# Shipping with UPS or FedEx?



## dragonsong93 (Dec 25, 2012)

I've always seen birds being shipped with USPS but never the other two...I've received live shipments (fish) from FedEx & UPS and would trust them more than my post office. So, do they have some anti-bird policy or???


----------



## sdymacz (Aug 30, 2010)

*UPS*

*Prohibited Live Animals*

Live Animals that are prohibited from being shipped and are not accepted for transportation include, but are not limited to:

Any poisonous, venomous or threatening animal
Any Threatened or Endangered species
Arachnids (All): Examples: mites, scorpions, spiders, ticks
*Birds (All)*
Crocodiles (All): Examples: alligators, caimans, gavials
Mammals (All)
Obnoxious Insects: Examples: flies, locusts, mosquitoes, roaches, termites, weevils
Snakes (All): venomous and non-venomous

*FedEx*

Live Animals and Ornamental Marine Life (Including Live Fish)

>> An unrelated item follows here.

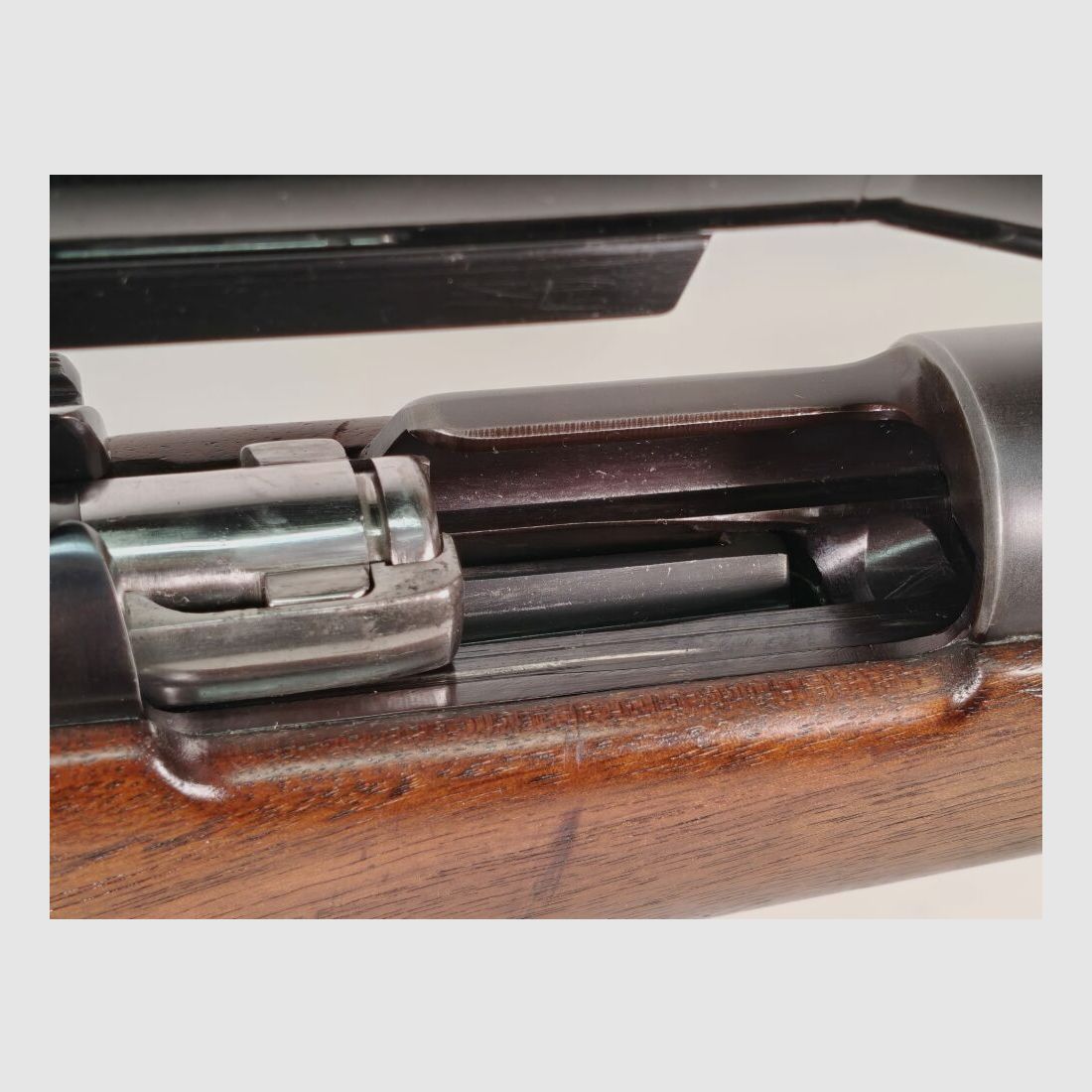 98er Repetierbüchse 7x64 mit Oroge 6x42 ohne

*FedEx Express does not accept live-animal shipments* as part of its regular-scheduled service and does not transport household pets such as dogs, cats, *birds *and hamsters. FedEx Express may accept certain shipments of live animals such as horses, livestock and zoo animals (to and from zoo locations only) on an exception basis if approved and coordinated by the FedEx Live Animal Desk (call 1.800.405.9052).


----------



## loonecho (Feb 25, 2010)

Actually the post office accepts the birds but then subcontracts with FedX to deliver them to the destination post office. I believe using FedX is the only way they are able to meet the next day delivery guarantee of express mail.

Jim


----------



## Jason Heidlauf (Apr 2, 2012)

I don't get why does it cost so much to ship birds over night . when you can ship a package for 12 or so dollars but birds are like 70$ now the prices are guesstimate not exact numbers but i think you get my point


----------



## kingdizon (Jan 14, 2013)

Jason Heidlauf said:


> I don't get why does it cost so much to ship birds over night . when you can ship a package for 12 or so dollars but birds are like 70$ now the prices are guesstimate not exact numbers but i think you get my point


probably because the package doesnt need to breathe. its probably the cost of risk. extra handling care. weight. its a live animal not a book off amazon. actually id be a little skeptical if they didnt charge so much, i want to pay for $70 quality to know for sure that my bird is ok. If i was paying $12 id be sketched out about the cheap way theyd handle my "package"


----------



## Quazar (Jul 27, 2010)

Jason Heidlauf said:


> I don't get why does it cost so much to ship birds over night . when you can ship a package for 12 or so dollars but birds are like 70$ now the prices are guesstimate not exact numbers but i think you get my point


Because not only does the package have to be handled differently, but storage and transportation are different too.
Also, as Kingdizon says, the risk factor is also included.
I work in the Courier business here in the UK, and it is not just expensive, its downright extortionate for insurance cover to transport certain things.
Livestock, paint, liquids (whether flamible or not) all have very high premiums, and in most instances are specifically excluded from the general policy.


----------